Measuring the True Cost of Div (32‑bit vs 64‑bit with Rust and Inline Asm)

28 April, 2026

Modern CPUs are fast—but some instructions still hide surprising costs. One of the most misunderstood is DIV. Is 32‑bit division faster than 64‑bit? Does instruction width matter anymore on x86‑64?

To answer this properly, we need more than wall‑clock timers. We need cycle counters, instruction retirement statistics, serialization barriers, and tight control over CPU affinity.

In this post, we’ll build a microbenchmark in Rust using inline assembly that measures the real cost of integer division using hardware performance counters—and the results may challenge your assumptions.
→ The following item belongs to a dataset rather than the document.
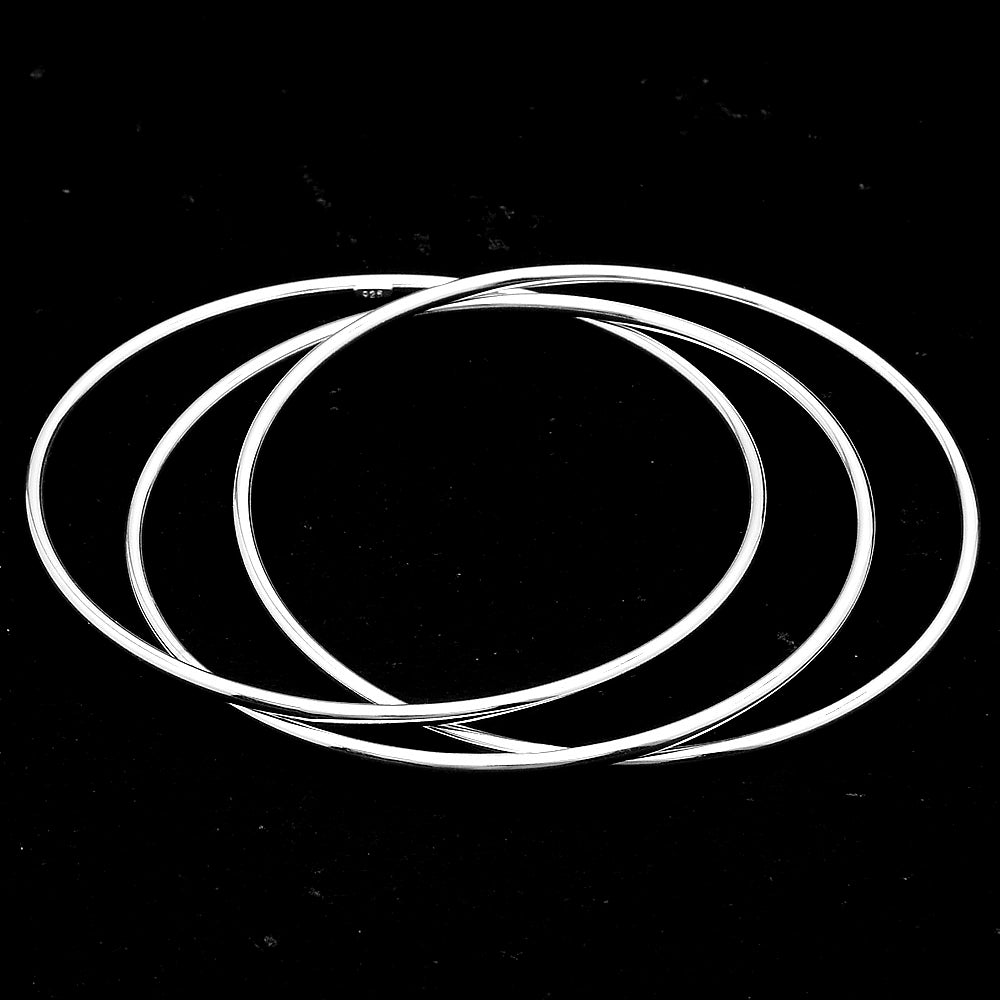 Sterling Silver Triple Intertwined Bangle Bracelet – 925 Silver Minimalist Bracelet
Why division benchmarks are tricky

Benchmarking arithmetic instructions on modern out‑of‑order CPUs is deceptively hard:

CPUs reorder instructions aggressively
Timers can be skewed by frequency scaling or migration across cores
Modern CPUs overlap instruction execution, hiding latency
The OS scheduler can move your thread mid‑measurement

If you want instruction‑level truth, you must:

Pin execution to a specific core
Serialize timestamp reads
Measure cycles and retired instructions, not time
Run enough repetitions to eliminate noise

This benchmark does exactly that.

Pinning execution to a single core

We start by fixing the thread to a specific logical CPU using the Windows API:

fn pin_to_core(core: usize) {
    let mask: usize = 1usize << core;
    unsafe {
        let prev = SetThreadAffinityMask(GetCurrentThread(), mask);
        if prev == 0 {
            panic!("SetThreadAffinityMask failed for core {}", core);
        }
    }
}

Why this matters:

Prevents scheduler migration
Ensures invariant TSC behavior
Keeps performance counters consistent

Without this, your measurements with rdpmc are garbage.

High‑precision timing with RDTSC/RDTSCP and RDPMC

We use RDTSC and RDTSCP with fencing to get accurate cycle deltas, but at base CPU clock.

Using hardware performance counters (RDPMC)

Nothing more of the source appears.